EXTRACTED ENTRIES:
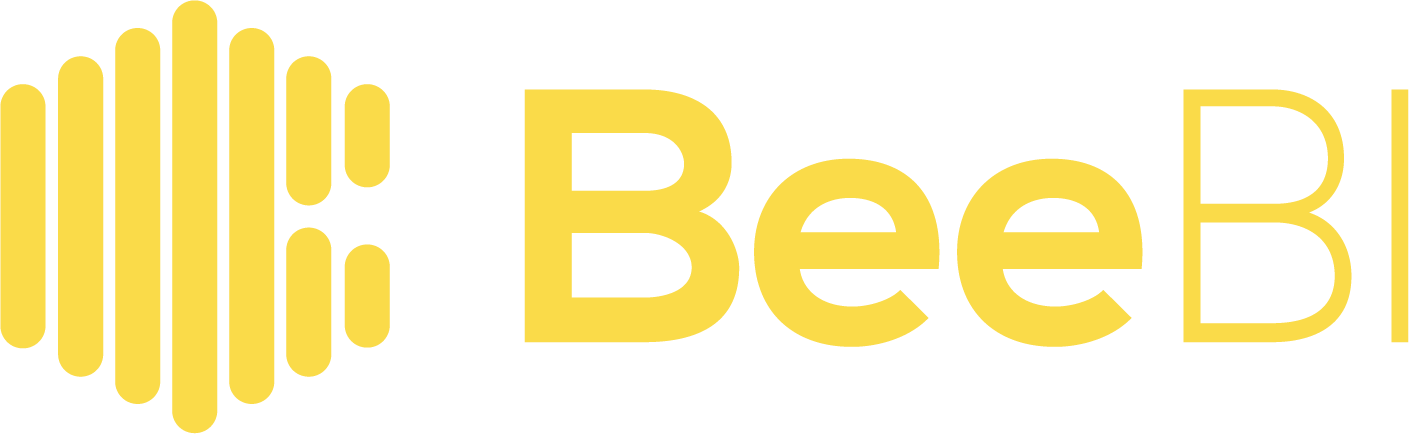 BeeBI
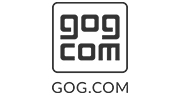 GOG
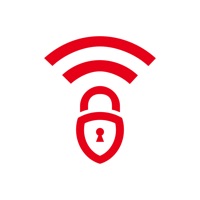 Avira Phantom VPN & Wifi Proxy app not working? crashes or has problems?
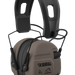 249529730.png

---

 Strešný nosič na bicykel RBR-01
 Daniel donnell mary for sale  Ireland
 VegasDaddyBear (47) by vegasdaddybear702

EXERCISE GOAL:
In the listing above, find the line containing "Avira Phantom VPN" and the line containing "249529730.png", then write out both of them and every line between, exactly, with no pictures.

ANSWER TO THIS PROBLEM:
 Avira Phantom VPN & Wifi Proxy app not working? crashes or has problems?
 249529730.png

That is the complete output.